Differences in UmBERTo loaded with AutoModel or AutoModelForTokenClassification

Question

Differences in UmBERTo loaded with AutoModel or AutoModelForTokenClassification

Elidor00 opened this issue 4 years ago · 4 comments

I tried to do two different experiments with UmBERTo: in the first experiment I used run_ner.py script to do an experiment with PoS-tagging. In run_ner.py file, for loading UmBERTo I used

from transformers import (
    AutoConfig,
    AutoModelForTokenClassification,
    AutoTokenizer,
    Trainer
)

and then

config = AutoConfig.from_pretrained(...)
tokenizer = AutoTokenizer.from_pretrained(...)
model = AutoModelForTokenClassification.from_pretrained(...)
trainer = Trainer(
        model=model,
        args=training_args,
        train_dataset=train_dataset,
        eval_dataset=eval_dataset,
        compute_metrics=compute_metrics,
    )

While the only change I made in the file run_ner.sh was where I replaced this line

export BERT_MODEL=bert-base-multilingual-cased

with this line:

export BERT_MODEL=Musixmatch/umberto-wikipedia-uncased-v1

At this point, when I print the UmBERTo model, the output is like this:

CamembertForTokenClassification(
  (roberta): RobertaModel(
    (embeddings): RobertaEmbeddings(
      (word_embeddings): Embedding(32005, 768, padding_idx=1)
      (position_embeddings): Embedding(514, 768, padding_idx=1)
      (token_type_embeddings): Embedding(1, 768)
      (LayerNorm): LayerNorm((768,), eps=1e-05, elementwise_affine=True)
      (dropout): Dropout(p=0.1, inplace=False)
    )
    (encoder): BertEncoder(
      (layer): ModuleList(
        (0): BertLayer(
          (attention): BertAttention(
            (self): BertSelfAttention(
              (query): Linear(in_features=768, out_features=768, bias=True)
              (key): Linear(in_features=768, out_features=768, bias=True)
              (value): Linear(in_features=768, out_features=768, bias=True)
              (dropout): Dropout(p=0.1, inplace=False)
            )
            (output): BertSelfOutput(
              (dense): Linear(in_features=768, out_features=768, bias=True)
              (LayerNorm): LayerNorm((768,), eps=1e-05, elementwise_affine=True)
              (dropout): Dropout(p=0.1, inplace=False)
            )
          )
          (intermediate): BertIntermediate(
            (dense): Linear(in_features=768, out_features=3072, bias=True)
          )
          (output): BertOutput(
            (dense): Linear(in_features=3072, out_features=768, bias=True)
            (LayerNorm): LayerNorm((768,), eps=1e-05, elementwise_affine=True)
            (dropout): Dropout(p=0.1, inplace=False)
          )
        )
      ...layers from (1):BertLayer to (11 th):BertLayer are always equal to 0 th...

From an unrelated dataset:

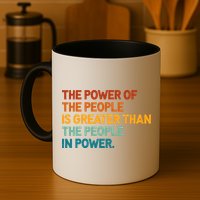 The People Of Power Is Greater Than The People In Power Mug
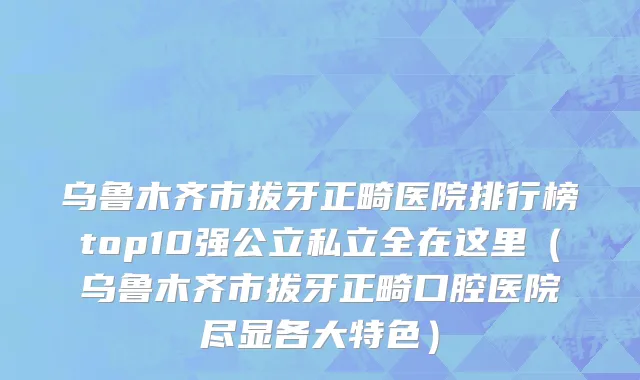 乌鲁木齐市拔牙正畸医院排行榜top10强公立私立全在这里（乌鲁木齐市拔牙正畸口腔医院尽显各大特色）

In the second experiment I used from transformers import AutoTokenizer, AutoModel to load UmBERTo. And then

pretrained_model = "Musixmatch/umberto-wikipedia-uncased-v1"
self.tokenizer = AutoTokenizer.from_pretrained(pretrained_model, do_lower_case=not multi_lingual)
self.model = AutoModel.from_pretrained(pretrained_model).to(self.device)
self.model.eval()

At this point, when I print the UmBERTo model, the output is like this:

CamembertModel(
  (embeddings): RobertaEmbeddings(
    (word_embeddings): Embedding(32005, 768, padding_idx=1)
    (position_embeddings): Embedding(514, 768, padding_idx=1)
    (token_type_embeddings): Embedding(1, 768)
    (LayerNorm): LayerNorm((768,), eps=1e-05, elementwise_affine=True)
    (dropout): Dropout(p=0.1, inplace=False)
  )
  (encoder): BertEncoder(
    (layer): ModuleList(
      (0): BertLayer(
        (attention): BertAttention(
          (self): BertSelfAttention(
            (query): Linear(in_features=768, out_features=768, bias=True)
            (key): Linear(in_features=768, out_features=768, bias=True)
            (value): Linear(in_features=768, out_features=768, bias=True)
            (dropout): Dropout(p=0.1, inplace=False)
          )
          (output): BertSelfOutput(
            (dense): Linear(in_features=768, out_features=768, bias=True)
            (LayerNorm): LayerNorm((768,), eps=1e-05, elementwise_affine=True)
            (dropout): Dropout(p=0.1, inplace=False)
          )
        )
        (intermediate): BertIntermediate(
          (dense): Linear(in_features=768, out_features=3072, bias=True)
        )
        (output): BertOutput(
          (dense): Linear(in_features=3072, out_features=768, bias=True)
          (LayerNorm): LayerNorm((768,), eps=1e-05, elementwise_affine=True)
          (dropout): Dropout(p=0.1, inplace=False)
        )
      )
     ...layers from (1):BertLayer to (11 th):BertLayer are always equal to 0 th...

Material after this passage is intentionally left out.